Why Abortion Should Be Banned in the United States


Photo by Chiara Marra


It's not that abortion will be banned in the United States; it's that it *should* be banned. All you have to do is to look at the data, dude.

From the CDC "Estimated Pregnancy Rates by Outcome for the United States, 1990-2004" report:

"This latest pregnancy outcome report finds that there was little change in births and fetal loss numbers between 1990 and 2004. However, abortions fell 24 percent over this time period," said Stephanie Ventura, head of the Reproductive Statistics Branch at CDC/NCHS.


In 1990, there were ~6.79 million total pregnancies: 4.16 million live births, 1.61 million induced abortions, and 1.02 million fetal losses.

In 2004, there were 6.39 million total pregnancies: 4.11 million live births, 1.22 million induced abortions, and 1.06 million fetal losses.

QED:

I) A 24% fall in abortions indicates that the status quo -- having access to safe and legal abortions -- just isn't working.
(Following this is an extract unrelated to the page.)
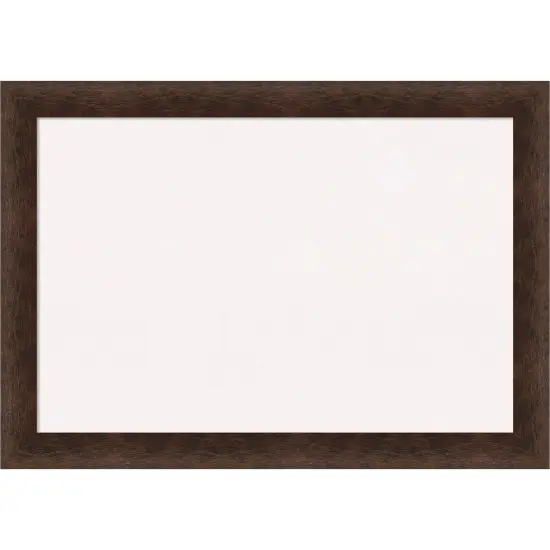 Warm Walnut Wood Framed Corkboard, White Cork {1}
If the goal is to reduce the number of abortions, clearly the State must intervene and ban the safe and effective medical procedure of abortion.

II) The 2004 patterns by pregnancy outcome of just over 6 in 10 pregnancies ending in live birth, 1 in 5 in an induced abortion, and about 1 in 6 in a fetal loss indicates that any and all abortions must be banned, not just elective ones. Otherwise a good number of the 1.06 million women with fetal losses in need of a therapeutic abortion could just get away with having an abortion.

III) The 1.22 million induced abortions/1.06 million fetal losses indicates that there are about 2.28 million women the State could deprive of receiving proper medical care. And that's always a desirable outcome, no matter what.